Among the few diaries available from inside early USSR none approaches Iurii V. Got'e's in sustained length of coverage & depth of vivid detail. Got'e was a member of the Moscow intellectual elite--a complex & unusually observant man, who was a Moscow University professor & one of the most prominent historians of Russia at the time the revolution began. Beginning his 1st entry with the words Finis Russiae, he describes his life in revolution-torn Moscow from 7/8/17 thru 7/23/22--nearly the entire period of the Russian Revolution & Civil War up to the advent of the New Economic Policy. This chronicle, published here for the 1st time, describes the hardships undergone by Got'e's family & friends & the gradual takeover of the academic & professional sectors by the new regime. Got'e was in his mid-40s when he wrote. At 1st he felt that Bolshevism meant doom for Russia, but eventually his ardent patriotism led him to accept the Bolsheviks' role in preserving the integrity of the state. The diary was discovered in 1982 in the Hoover Institution Archives, in the papers of Frank Golder, to whom Got'e himself had entrusted it in 1922. It's translated literally & unabridged, with annotations by Terence Emmons. The introduction by Professor Emmons places the diary clearly in the context of Got'e's life & scholarly career.
Princeton should get this back in print. The parallels with today (2022) as the modern-day Bolsheviks take over the United States is uncanny. There are lots of professional men such as Gote in the area where I live. Awesome to read similar sentiments in the U.S. today but that are from Moscow 100 years ago. People are people.

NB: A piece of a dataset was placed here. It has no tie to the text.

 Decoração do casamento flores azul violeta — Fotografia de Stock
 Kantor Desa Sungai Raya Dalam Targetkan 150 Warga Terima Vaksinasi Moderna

A fascinating personal account of the Russian revolution in diary format by a university professor. His intellect and observations paint a truly clear and disturbing picture of what it was like to live during the Russian revolution. Covering from July 1917 to July 1922 (with an abrupt ending that is not an ending at all) one gets to see the idiocy and inhumanity of this time as seen by someone who loses almost everything. The introduction by Terence Emmons who also translated it puts the book into context. Nice short, annotated footnotes occupy the bottom of most pages and give the reader additional information to pursue. I gave it four stars, but only because I am trying to make five-star ratings rare and exceptional. This is however an exceptional book and worth a read for anyone with an interest in Russian history or the Bolshevik revolution. Note some of his characterizations of the revolution and its people, including leaders, are raw and pejorative in a racial sense.